For a long moment, he stood there, then finally forced the words out through gritted teeth, as if every syllable pained him. “Fine… I’ll go with you.”
I drove Travis out to the family cemetery on the outskirts of Chicago.
A fine, cold rain was falling, wrapping the entire cemetery in a suffocating silence. I knelt down and carefully wiped the dust from my parents’ headstones with a handkerchief, then laid out their favorite desserts.
Then I stood up and walked to the tiny, unmarked grave next to my parents’—nothing more than a small mound of dirt, not even a proper headstone.
I knelt down in front of the little grave, pulled a candy out of my pocket, unwrapped it slowly, and placed it on the cold, damp earth.
Travis stood behind me the whole time, completely distracted. Every few minutes, he’d sneak his phone out of his pocket and glance at it, his brow furrowing deeper and deeper. I knew Renee was blowing up his phone, begging him to come. He was dying to get back to his other daughter, the one who was celebrating her birthday.
“Helen, I don’t remember today being your parents’ anniversary.”
Travis finally snapped, shoving his phone back into his pocket, his voice thick with impatience and resentment. “We could have come to visit their graves any time. Did it have to be today?”

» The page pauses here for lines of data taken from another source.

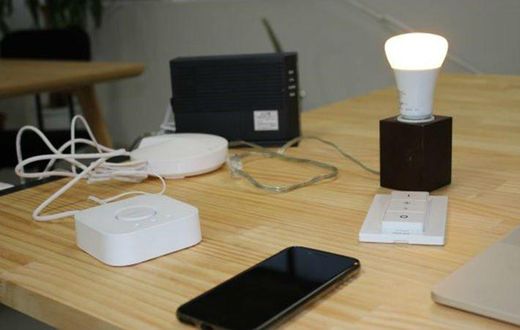 Single woman creates a light bulb that turns on automatically whenever couples break up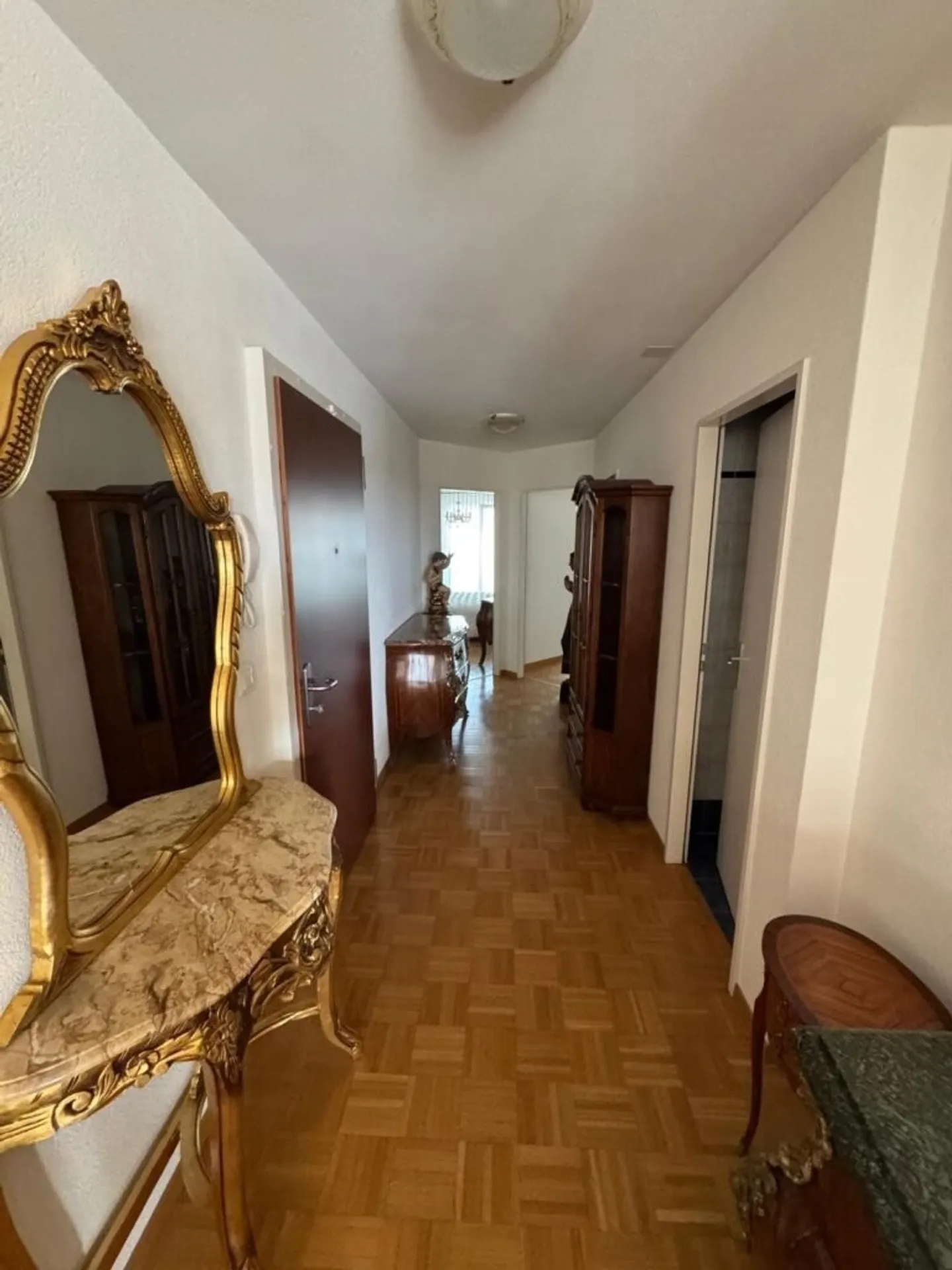 Apartment with 3.5 rooms on the 4th floor with balcony in Vevey - Photo 3 of 8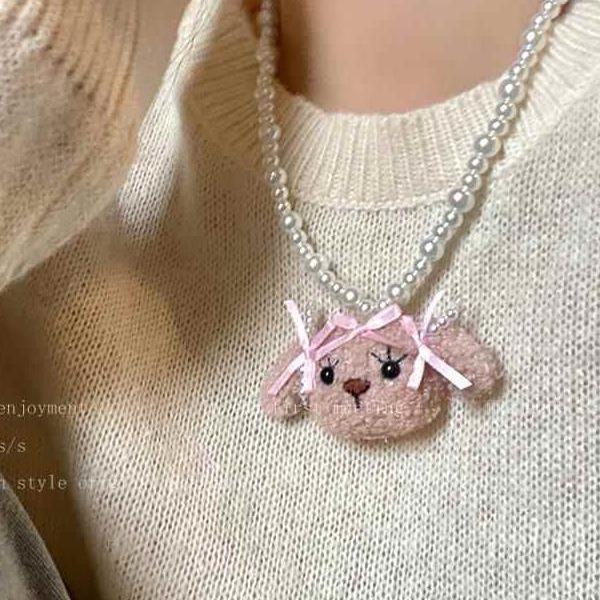 Women's Cute Puppy Pearl Plush Sweatshirt with Light Luxury Temperament Necklace - High-End Choker Fashion Accessories.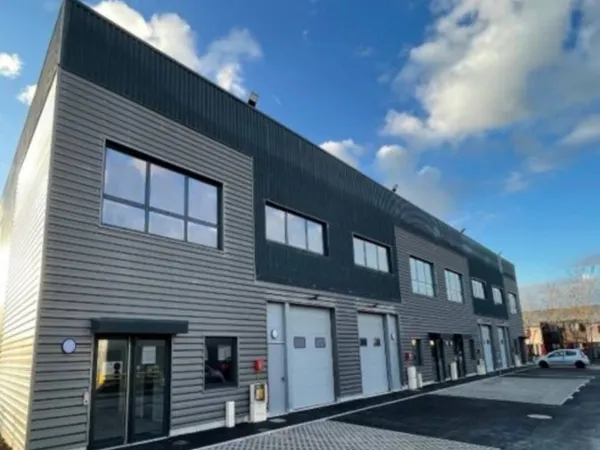 Local d'activité 765 m²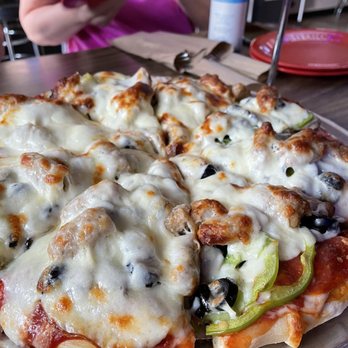 Marcine’s - Homemade deep dish deluxe pizza - Pubs Near Me - Mount Horeb, Wisconsin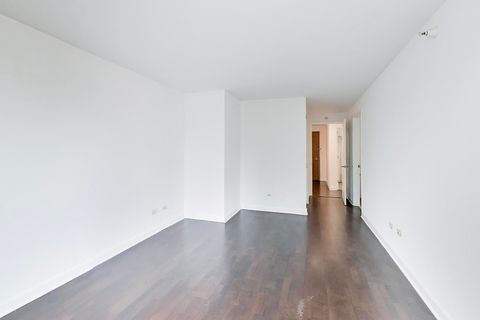 Tiny photo for 2 E Erie Street #2802, Chicago, IL 60611 (MLS # 12578230)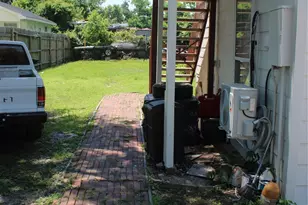 330 Dorchester St, Houston, TX 77022 - Photo 15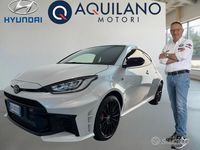 Usata Toyota Yaris 280 CV (205 kW) 2024 Bianco Utilitaria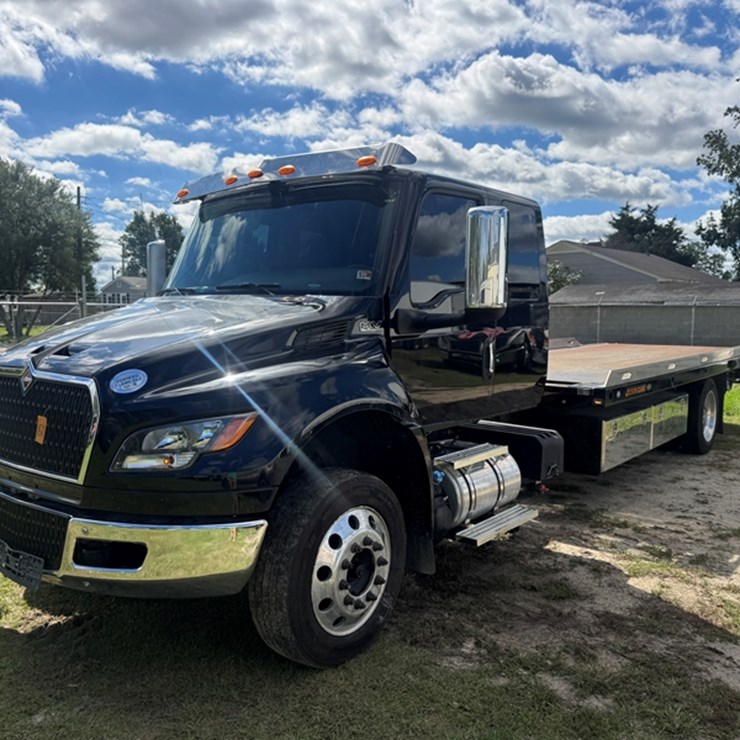 2023 INTERNATIONAL MV607 SBA MEDIUM DUTY FLATBED ROLLBACK - 176,222 MILES SHOWING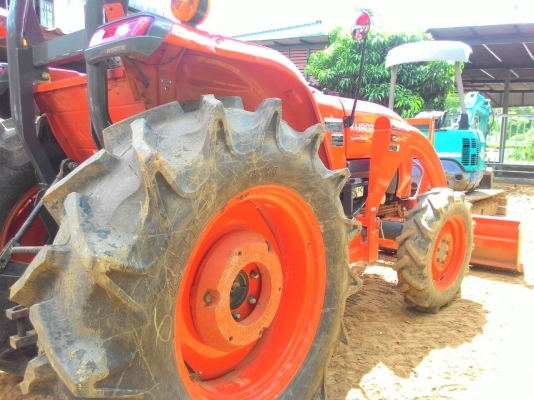 ขายรถไถ KUBOTA L4708 พร้อมดันหน้าคานบน ผานพรวน 6จาน รถปี 54
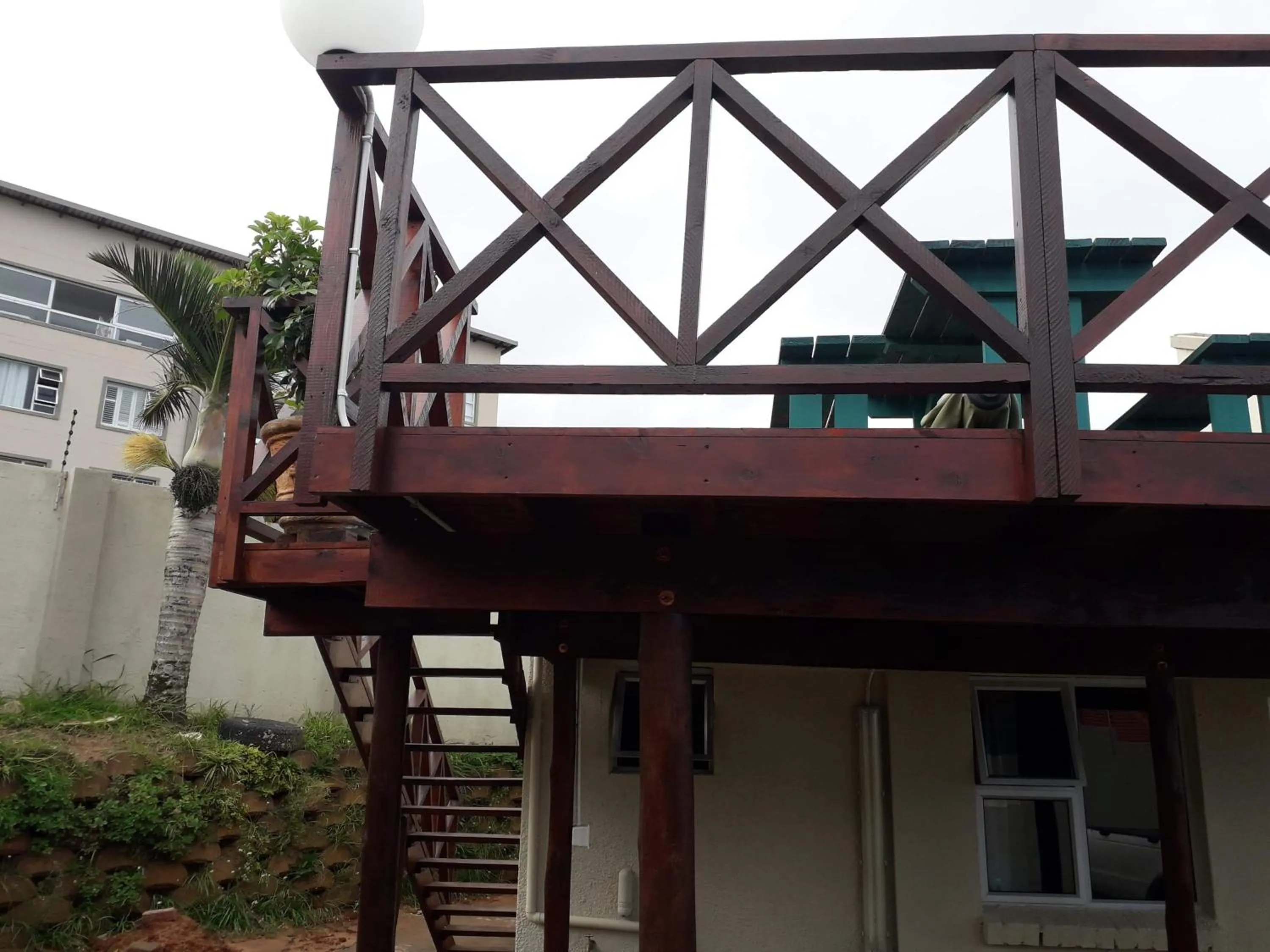 Balcony/Terrace in Song of the Whales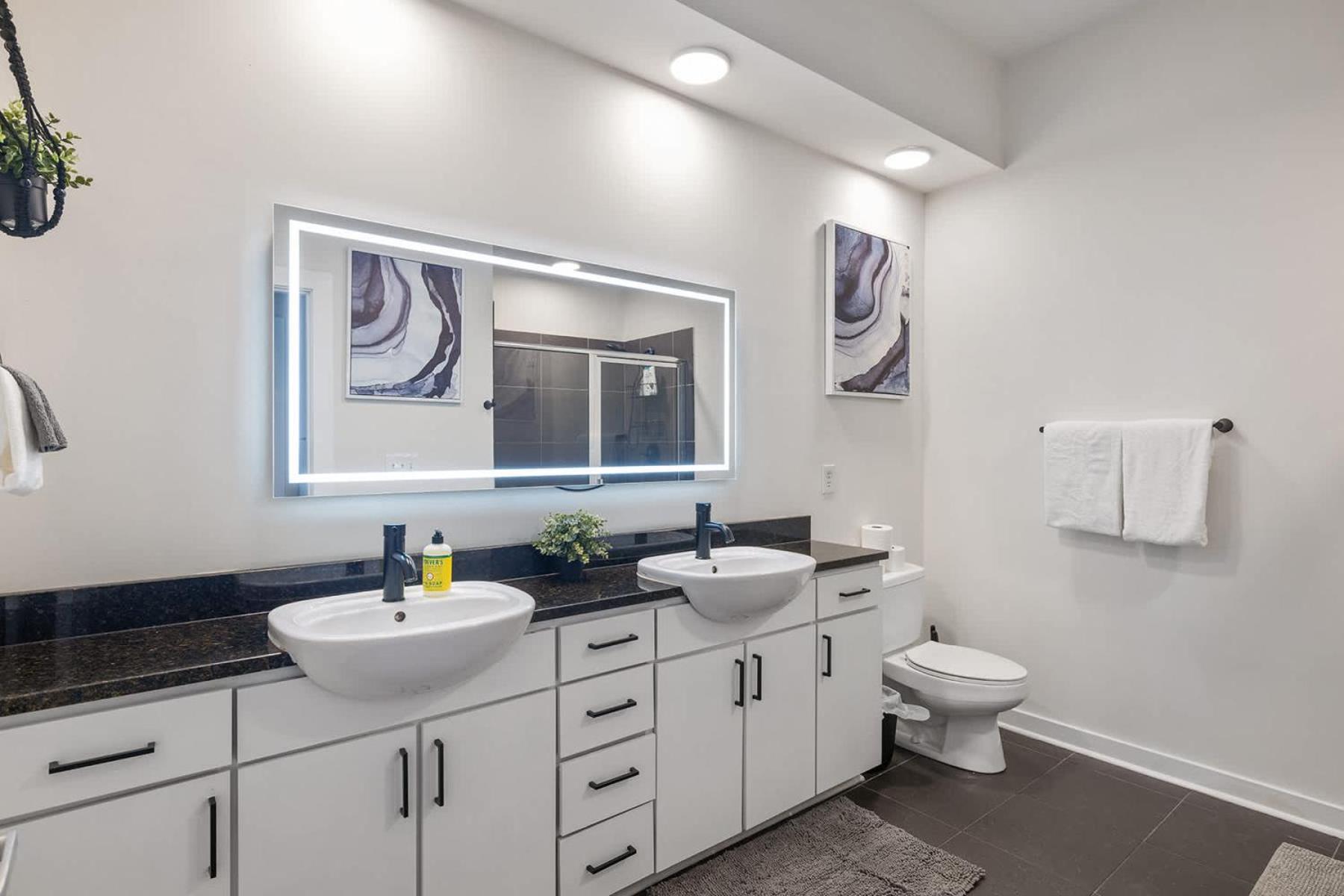 Spacious 2bd With Private Balcony And Free Parking 2 Apartment Charlotte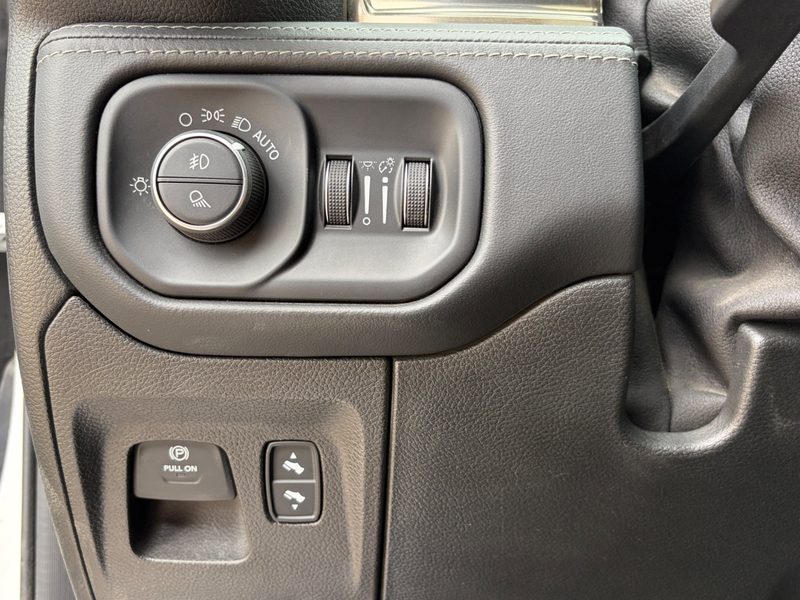2019 RAM 1500 Limited | New Engine | by Dodge Dealer — photo 12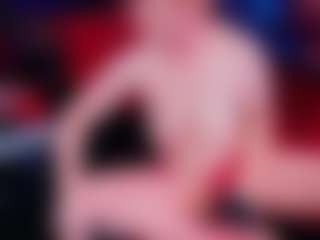 Live cam show with Kittie Purry - Thong on Porn Luv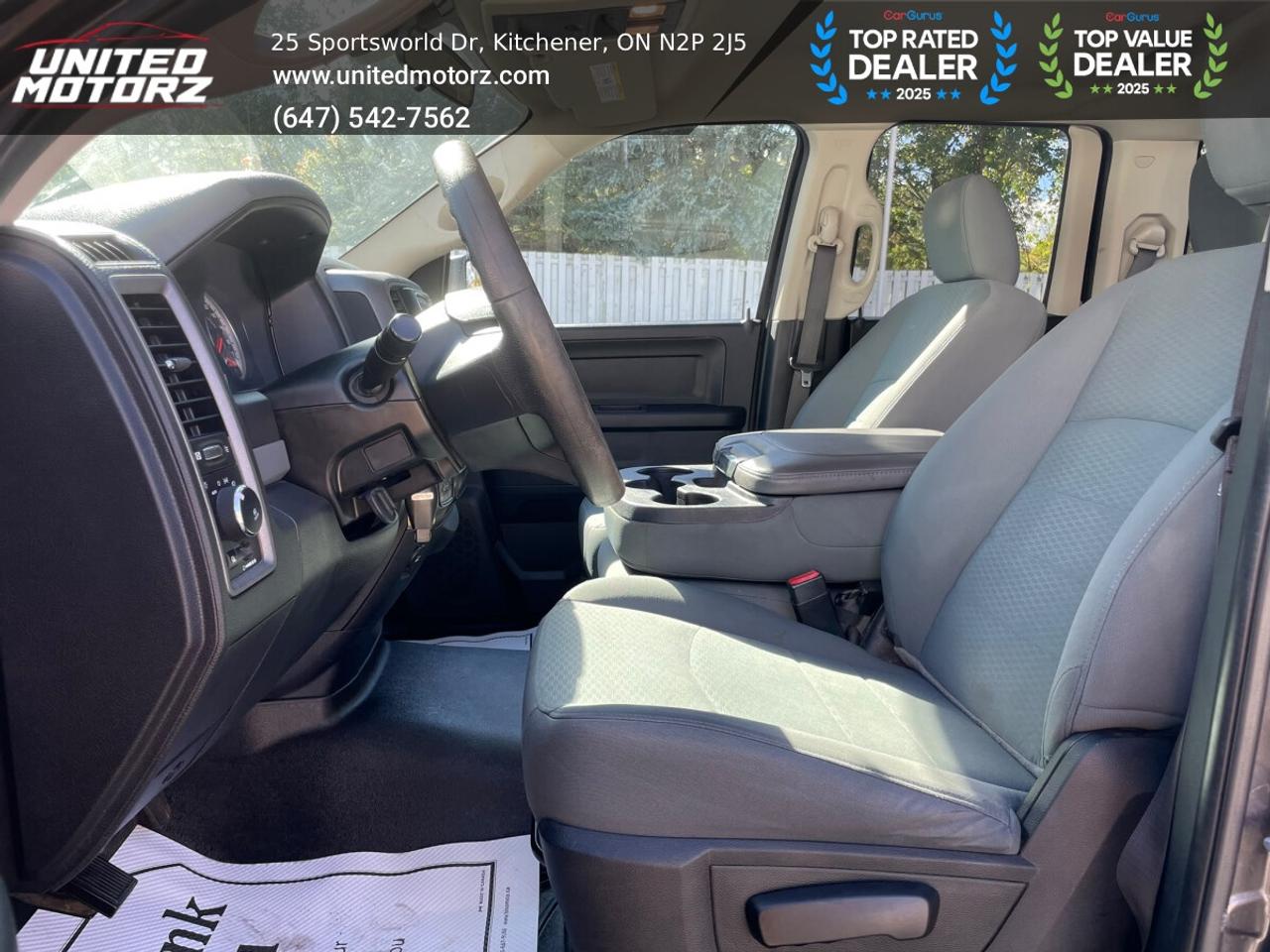 2018 RAM 1500 Express QUAD CAB 6'4"Ltd Avail 4WD 3.6l 6cyl~SAFE Photo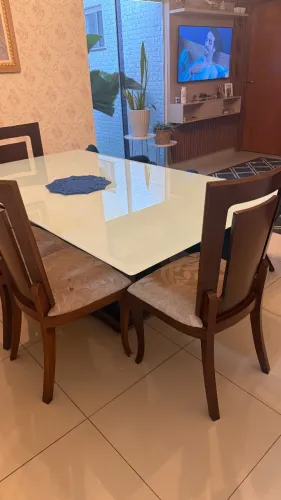 Mesa de jantar com 6 cadeiras em madeira maciça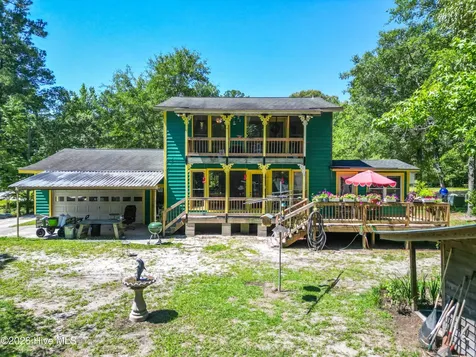 1205 Shelter Creek Drive Burgaw NC 28425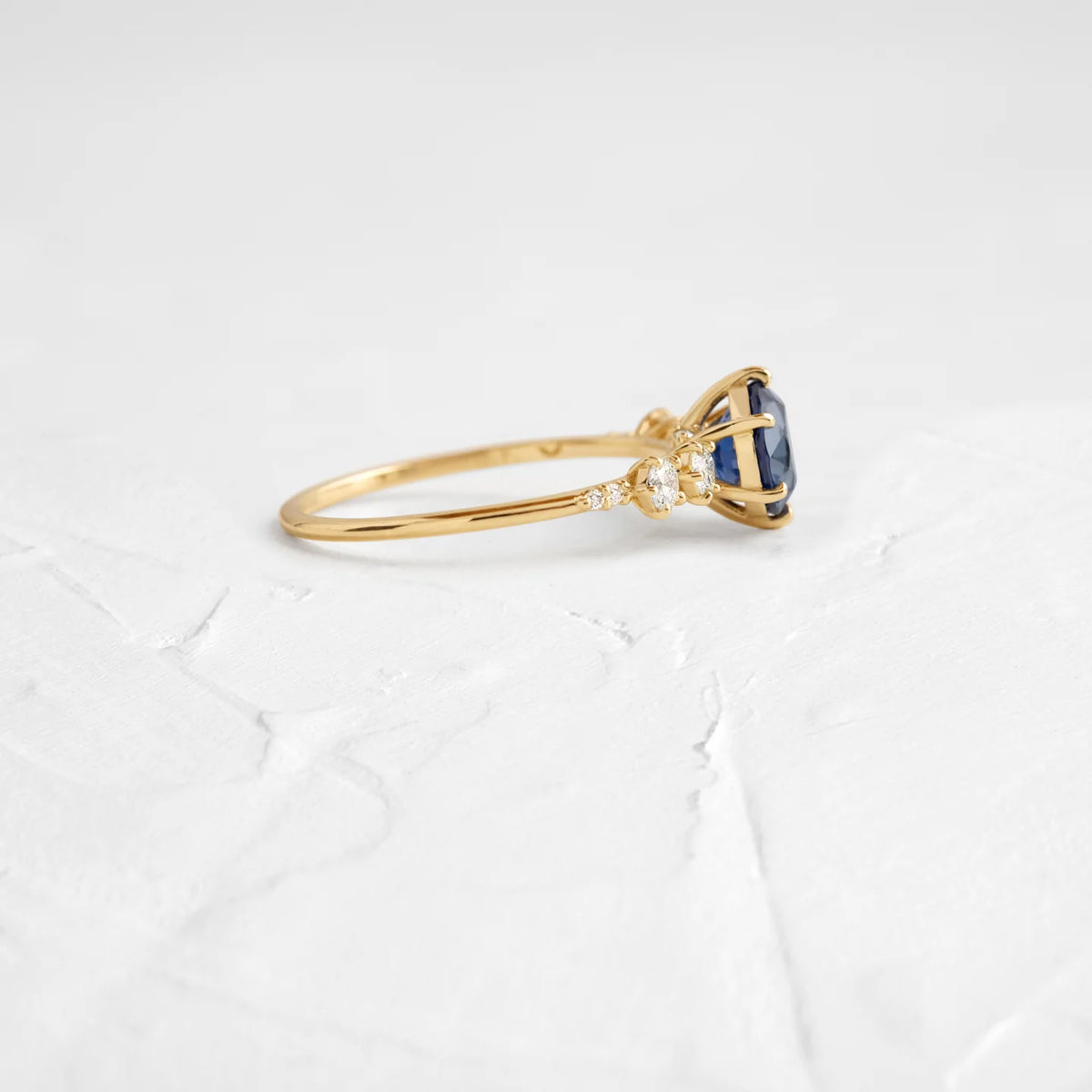 Solid Gold Round Cut Blue Sapphire Ring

I knew exactly what he was really thinking. What he wanted to say was: Did you have to drag me to this godforsaken place on my own daughter’s birthday to ruin it?
I didn’t turn around.
I just stared at the little muddy grave, letting the cold rain hit my face.
“Of course it’s not my parents’ anniversary.” I pushed myself up slowly, brushing the mud off my skirt. “Today is the anniversary of my daughter’s death. The one who died the day she was born.”
All the color drained from Travis’s face in an instant.
His annoyed expression froze solid, and his pupils dilated violently in shock.
Looking at him, I felt a bitter, ironic laugh rise in my throat.
There it was, Travis. You forgot to keep acting.
The nineteen-year-old Travis had no idea this child existed. He had no idea I’d ever been pregnant, that I’d lost a baby. If he were really nineteen, his first reaction would have been confusion, shock—asking me, “What baby?”
But that wasn’t what I saw.
All I saw was raw, unmistakeable guilt. Agony, written all over his deathly pale face.
That one look told me everything.
He’d never lost his memory. His whole “nineteen-year-old” act had been nothing but a pathetic, transparent lie from start to finish.